Focus on the Collection: Swedish Dolls
One of the unexpected treasures in the Hearst collection is a set of sixteen intricately costumed dolls. They were made for display in the Swedish Building at the Panama-Pacific International Exposition, held in San Francisco over the summer of 1915. They were made—probably during the preceding year—by the Bikupan company of Stockholm, Sweden. Bikupan (the “Beehive”) produced mannequins for European wax museums, a Swedish specialty. The dolls were placed in the Lecture Hall, along with a photographic display illustrating local scenes presented by the Tourist Traffic Association. After the fair, the figurines were purchased by Phoebe Hearst, who had been Honorary President of the Woman’s Board of the Exposition, and donated to the UC Museum of Anthropology in 1917.
In fact, these donations supplemented a collecting strength in Swedish folk culture that went back to the museum’s founding. In 1903, Mrs. Hearst had contributed a collection of about 200 items—rich in decorated weaving implements and wooden horse gear—collected by Axel Lindstrom the previous year.
These figurines are more rightly considered as miniature mannequins than as large versions of children’s toys. At 1/3 scale, each stands about 31 inches tall. Their bodies are “composition”—in this case a painted cast-plaster exterior over a wire armature covered with heavy cloth on a sawdust foundation. The heads come in two basic versions, a male and a female, with individual facial features painted on. Yet it is in their costuming that the dolls excel; their materials include chamois, tanned leather, linen, fulled wool, and silk.

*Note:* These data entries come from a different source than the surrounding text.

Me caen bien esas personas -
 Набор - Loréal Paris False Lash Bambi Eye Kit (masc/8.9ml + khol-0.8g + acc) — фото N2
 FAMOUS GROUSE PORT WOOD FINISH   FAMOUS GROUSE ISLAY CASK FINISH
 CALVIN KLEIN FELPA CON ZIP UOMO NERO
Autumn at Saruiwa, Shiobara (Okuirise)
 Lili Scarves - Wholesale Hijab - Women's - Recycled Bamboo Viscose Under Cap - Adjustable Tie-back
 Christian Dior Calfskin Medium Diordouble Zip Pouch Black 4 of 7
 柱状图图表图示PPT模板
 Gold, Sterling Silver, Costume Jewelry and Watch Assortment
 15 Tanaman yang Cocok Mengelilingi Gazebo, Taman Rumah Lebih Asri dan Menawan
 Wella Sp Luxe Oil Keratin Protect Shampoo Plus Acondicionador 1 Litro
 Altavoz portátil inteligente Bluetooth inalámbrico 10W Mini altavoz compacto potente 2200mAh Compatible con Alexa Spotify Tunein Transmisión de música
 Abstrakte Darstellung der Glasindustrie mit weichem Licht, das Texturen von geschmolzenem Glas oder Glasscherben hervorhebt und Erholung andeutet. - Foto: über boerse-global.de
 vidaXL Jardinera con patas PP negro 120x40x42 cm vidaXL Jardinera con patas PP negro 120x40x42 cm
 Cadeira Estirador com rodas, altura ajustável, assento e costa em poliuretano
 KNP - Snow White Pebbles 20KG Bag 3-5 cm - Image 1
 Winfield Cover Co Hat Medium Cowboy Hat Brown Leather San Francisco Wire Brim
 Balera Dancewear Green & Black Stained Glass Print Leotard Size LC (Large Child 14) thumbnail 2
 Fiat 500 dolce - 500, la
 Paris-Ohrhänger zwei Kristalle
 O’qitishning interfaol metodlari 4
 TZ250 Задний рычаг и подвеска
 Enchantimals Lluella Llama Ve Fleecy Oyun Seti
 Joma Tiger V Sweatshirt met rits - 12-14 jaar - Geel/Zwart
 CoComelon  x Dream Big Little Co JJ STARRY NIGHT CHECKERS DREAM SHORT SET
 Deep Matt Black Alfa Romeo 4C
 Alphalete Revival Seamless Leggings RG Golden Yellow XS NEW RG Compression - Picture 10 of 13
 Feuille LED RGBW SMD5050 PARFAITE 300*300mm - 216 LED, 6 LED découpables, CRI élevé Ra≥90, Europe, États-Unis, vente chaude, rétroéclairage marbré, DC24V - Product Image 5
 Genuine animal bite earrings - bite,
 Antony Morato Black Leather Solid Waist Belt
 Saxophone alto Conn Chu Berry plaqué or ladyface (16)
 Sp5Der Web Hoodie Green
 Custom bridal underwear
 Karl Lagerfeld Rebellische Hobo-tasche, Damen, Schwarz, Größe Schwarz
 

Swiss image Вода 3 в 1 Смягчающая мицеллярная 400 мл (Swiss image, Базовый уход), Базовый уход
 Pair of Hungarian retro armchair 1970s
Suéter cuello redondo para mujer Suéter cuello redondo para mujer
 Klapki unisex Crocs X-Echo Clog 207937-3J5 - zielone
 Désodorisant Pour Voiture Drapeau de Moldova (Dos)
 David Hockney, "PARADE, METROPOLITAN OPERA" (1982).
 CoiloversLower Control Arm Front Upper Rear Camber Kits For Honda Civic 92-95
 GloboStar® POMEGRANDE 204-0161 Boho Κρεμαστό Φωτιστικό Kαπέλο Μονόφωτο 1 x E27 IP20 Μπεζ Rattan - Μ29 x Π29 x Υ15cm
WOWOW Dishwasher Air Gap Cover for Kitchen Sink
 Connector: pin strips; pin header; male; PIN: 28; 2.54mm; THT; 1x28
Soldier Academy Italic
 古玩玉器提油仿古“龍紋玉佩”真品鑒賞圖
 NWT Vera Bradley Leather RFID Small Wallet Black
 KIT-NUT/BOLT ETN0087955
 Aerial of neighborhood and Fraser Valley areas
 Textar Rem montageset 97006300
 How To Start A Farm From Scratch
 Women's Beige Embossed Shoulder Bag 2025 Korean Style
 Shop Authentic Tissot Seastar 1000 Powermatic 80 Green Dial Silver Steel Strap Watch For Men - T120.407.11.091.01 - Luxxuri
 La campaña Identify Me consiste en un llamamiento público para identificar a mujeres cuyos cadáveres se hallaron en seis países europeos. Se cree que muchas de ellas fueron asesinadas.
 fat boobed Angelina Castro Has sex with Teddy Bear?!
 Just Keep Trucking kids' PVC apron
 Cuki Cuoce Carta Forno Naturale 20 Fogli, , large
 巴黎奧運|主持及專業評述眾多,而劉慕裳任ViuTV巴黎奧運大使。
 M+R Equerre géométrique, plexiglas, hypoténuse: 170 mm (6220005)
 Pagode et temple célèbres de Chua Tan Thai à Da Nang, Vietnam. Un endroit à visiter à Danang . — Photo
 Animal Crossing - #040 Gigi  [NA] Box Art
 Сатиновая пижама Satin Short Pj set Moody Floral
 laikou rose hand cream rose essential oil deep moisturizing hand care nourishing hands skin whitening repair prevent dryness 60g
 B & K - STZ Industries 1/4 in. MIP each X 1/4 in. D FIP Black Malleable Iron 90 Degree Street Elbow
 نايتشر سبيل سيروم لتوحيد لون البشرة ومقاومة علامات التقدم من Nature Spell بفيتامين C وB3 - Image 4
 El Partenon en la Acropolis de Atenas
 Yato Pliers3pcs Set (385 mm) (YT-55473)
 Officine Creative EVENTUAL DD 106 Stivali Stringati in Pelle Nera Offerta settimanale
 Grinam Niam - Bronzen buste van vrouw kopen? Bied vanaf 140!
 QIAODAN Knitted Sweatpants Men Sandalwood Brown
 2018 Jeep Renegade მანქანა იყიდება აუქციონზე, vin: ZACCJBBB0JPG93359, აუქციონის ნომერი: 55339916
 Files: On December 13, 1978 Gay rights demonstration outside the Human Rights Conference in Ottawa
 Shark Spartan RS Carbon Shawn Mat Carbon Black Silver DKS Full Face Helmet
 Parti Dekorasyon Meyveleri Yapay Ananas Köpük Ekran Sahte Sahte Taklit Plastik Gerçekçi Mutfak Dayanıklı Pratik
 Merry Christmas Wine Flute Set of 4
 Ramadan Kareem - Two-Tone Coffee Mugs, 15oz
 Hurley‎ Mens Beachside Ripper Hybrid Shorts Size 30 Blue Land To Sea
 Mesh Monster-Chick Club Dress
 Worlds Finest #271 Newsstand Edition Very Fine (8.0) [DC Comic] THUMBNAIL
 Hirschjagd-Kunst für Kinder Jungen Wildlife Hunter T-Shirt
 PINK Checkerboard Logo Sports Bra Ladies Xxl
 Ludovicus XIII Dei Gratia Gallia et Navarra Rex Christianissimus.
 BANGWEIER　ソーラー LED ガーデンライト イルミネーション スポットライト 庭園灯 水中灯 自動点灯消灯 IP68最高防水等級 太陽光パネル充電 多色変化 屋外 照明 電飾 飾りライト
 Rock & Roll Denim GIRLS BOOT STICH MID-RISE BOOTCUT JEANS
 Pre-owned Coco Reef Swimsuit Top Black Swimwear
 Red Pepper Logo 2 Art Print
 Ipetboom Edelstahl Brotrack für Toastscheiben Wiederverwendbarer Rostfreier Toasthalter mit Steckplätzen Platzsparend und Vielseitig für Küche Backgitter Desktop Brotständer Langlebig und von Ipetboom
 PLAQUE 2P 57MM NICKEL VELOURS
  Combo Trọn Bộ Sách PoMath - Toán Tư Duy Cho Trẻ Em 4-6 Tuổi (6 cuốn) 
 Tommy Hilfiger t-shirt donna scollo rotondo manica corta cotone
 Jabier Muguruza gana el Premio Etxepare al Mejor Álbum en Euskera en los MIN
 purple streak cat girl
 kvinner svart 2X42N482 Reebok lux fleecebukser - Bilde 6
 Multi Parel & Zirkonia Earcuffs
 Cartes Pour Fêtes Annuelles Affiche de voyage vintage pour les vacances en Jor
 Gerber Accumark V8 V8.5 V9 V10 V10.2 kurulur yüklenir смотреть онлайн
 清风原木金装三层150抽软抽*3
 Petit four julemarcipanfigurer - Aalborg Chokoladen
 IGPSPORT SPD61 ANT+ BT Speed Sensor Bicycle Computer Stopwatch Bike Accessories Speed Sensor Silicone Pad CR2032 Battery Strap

In addition to knitted and embroidered garments, there is handmade lace; buttons of silver, gilded metal, and pewter jewelry; and wigs of human hair. The beautiful shoes and boots were made by John Beliers, who is identified as a gold medal winner by the marking found on the soles.
We know little about the original intentions of their makers, but the costumes reveal quite a diversity in regions, class, as well as gender. Of the sixteen, there are three couples, and the rest are individual male and female figures. In general, the women’s clothing is more elaborate and detailed than the males’. Regionally, the dolls principally depict peasant costumes from the central and southern parts of Sweden. In period, the costumes show styles from the 17th through the late 19th centuries. One of the figures depicts a woman’s costume of the Lapps (Sami), an indigenous people of the Arctic.
The set of Swedish dolls never fails to charm visitors to the museum on the rare occasions that they are displayed.